Earlier this year I had a most amazing experience, traveling to India to meet the President of the Tibetan government in Exile, the Speaker of the House, the Chief Justice of their Supreme Court and his holiness, the 14th Dalia Lama.
One of the take aways from this trip was the Tibetan attitude about the present and the future, first shared by Lobsang Sangay, the current President. It goes like this:
Tomorrow will be worse.
The next day will be worse.
And then it will get better.
This is subtly but importantly different than the equivalent saying of my mother and typical of mothers across America:
It’ll all work out.
The Tibetan version seems a lot more relevant and actionable to entrepreneurs, whose chosen lives are filled with repeated ups and downs. When in one of those downs, it feels like everything is falling apart and that the vision may not come true. But then you find a way forward. And typically, those downs don’t just last a single day, but take a few days or weeks (or sometimes a few months) to work out.
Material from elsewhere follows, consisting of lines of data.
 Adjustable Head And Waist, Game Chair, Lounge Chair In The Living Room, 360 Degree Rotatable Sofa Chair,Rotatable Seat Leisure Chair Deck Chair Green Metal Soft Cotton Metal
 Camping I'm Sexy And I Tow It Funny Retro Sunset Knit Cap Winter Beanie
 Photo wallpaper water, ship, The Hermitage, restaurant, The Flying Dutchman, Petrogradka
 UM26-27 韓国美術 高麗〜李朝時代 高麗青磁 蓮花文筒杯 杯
When I heard the Tibetan version, I was reminded of a saying from one of my former VP of Sales (someone I admired so much I hired him into a second startup). Whenever we were having an up moment, when everything seemed to be working according to plan, he’d say:
Remember, an “Aw S#!t” moment is coming.
Remember, startup life is both ups and downs. If you are in a down, tomorrow will be worse. If you are in an up, an upcoming tomorrow will be worse too. But the opposite is true too, that things will eventually work themselves out.